Please reproduce the lines from the one containing "Hello, this is" through the end of the data below exactly as they stand, and omit all pictures.

[COLLECTED MATERIAL]

--

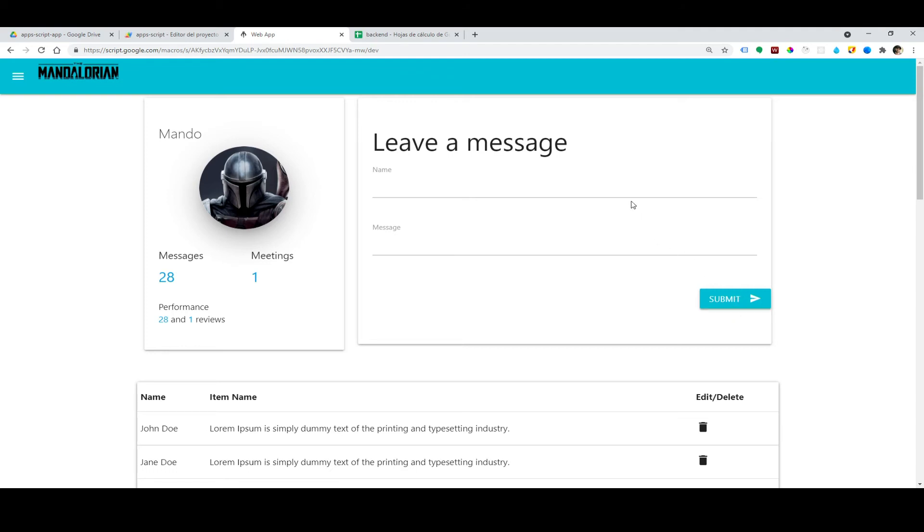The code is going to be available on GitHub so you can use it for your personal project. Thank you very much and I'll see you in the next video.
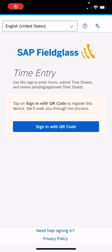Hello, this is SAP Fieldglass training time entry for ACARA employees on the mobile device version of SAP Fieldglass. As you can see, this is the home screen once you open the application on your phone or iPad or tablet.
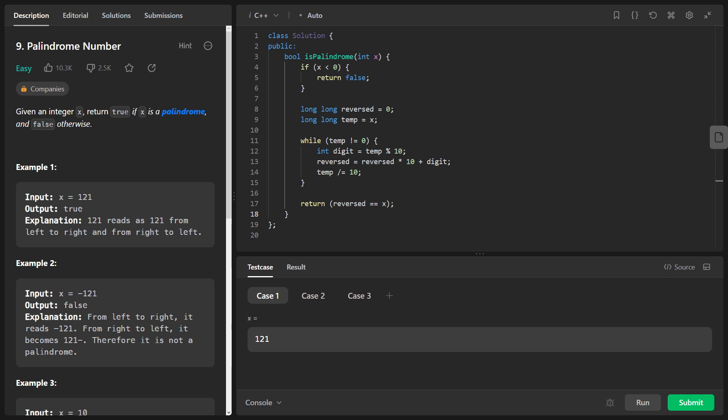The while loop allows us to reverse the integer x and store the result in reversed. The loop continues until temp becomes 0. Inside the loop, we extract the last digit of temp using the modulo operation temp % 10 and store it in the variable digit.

--

[COMPLETED TASK]
Hello, this is SAP Fieldglass training time entry for ACARA employees on the mobile device version of SAP Fieldglass. As you can see, this is the home screen once you open the application on your phone or iPad or tablet.
The while loop allows us to reverse the integer x and store the result in reversed. The loop continues until temp becomes 0. Inside the loop, we extract the last digit of temp using the modulo operation temp % 10 and store it in the variable digit.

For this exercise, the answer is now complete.